_Exercise requirements_
Using the records below, find every line that includes "Polyclonal" and copy it.

*** The data ***

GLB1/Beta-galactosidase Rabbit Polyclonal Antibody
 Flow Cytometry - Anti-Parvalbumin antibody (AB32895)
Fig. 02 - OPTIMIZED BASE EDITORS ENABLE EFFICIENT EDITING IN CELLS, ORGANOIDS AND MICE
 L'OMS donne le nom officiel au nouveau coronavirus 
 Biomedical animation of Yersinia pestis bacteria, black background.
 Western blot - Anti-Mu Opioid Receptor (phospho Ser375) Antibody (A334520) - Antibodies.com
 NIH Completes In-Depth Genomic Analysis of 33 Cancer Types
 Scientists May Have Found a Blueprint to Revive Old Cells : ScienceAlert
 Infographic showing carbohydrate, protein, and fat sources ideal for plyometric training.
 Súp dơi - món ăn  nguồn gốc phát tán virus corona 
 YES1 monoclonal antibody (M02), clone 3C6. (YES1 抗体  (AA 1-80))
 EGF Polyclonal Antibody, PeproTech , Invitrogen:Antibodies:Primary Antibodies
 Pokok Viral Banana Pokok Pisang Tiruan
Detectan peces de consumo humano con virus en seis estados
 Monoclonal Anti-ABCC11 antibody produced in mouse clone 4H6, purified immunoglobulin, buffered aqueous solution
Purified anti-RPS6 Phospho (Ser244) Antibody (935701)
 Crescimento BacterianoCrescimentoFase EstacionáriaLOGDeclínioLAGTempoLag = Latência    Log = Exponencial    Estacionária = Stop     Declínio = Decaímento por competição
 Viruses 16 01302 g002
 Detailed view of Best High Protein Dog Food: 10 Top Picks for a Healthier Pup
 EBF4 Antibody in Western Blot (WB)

*** End of The data ***

_Result of the task_
GLB1/Beta-galactosidase Rabbit Polyclonal Antibody
 EGF Polyclonal Antibody, PeproTech , Invitrogen:Antibodies:Primary Antibodies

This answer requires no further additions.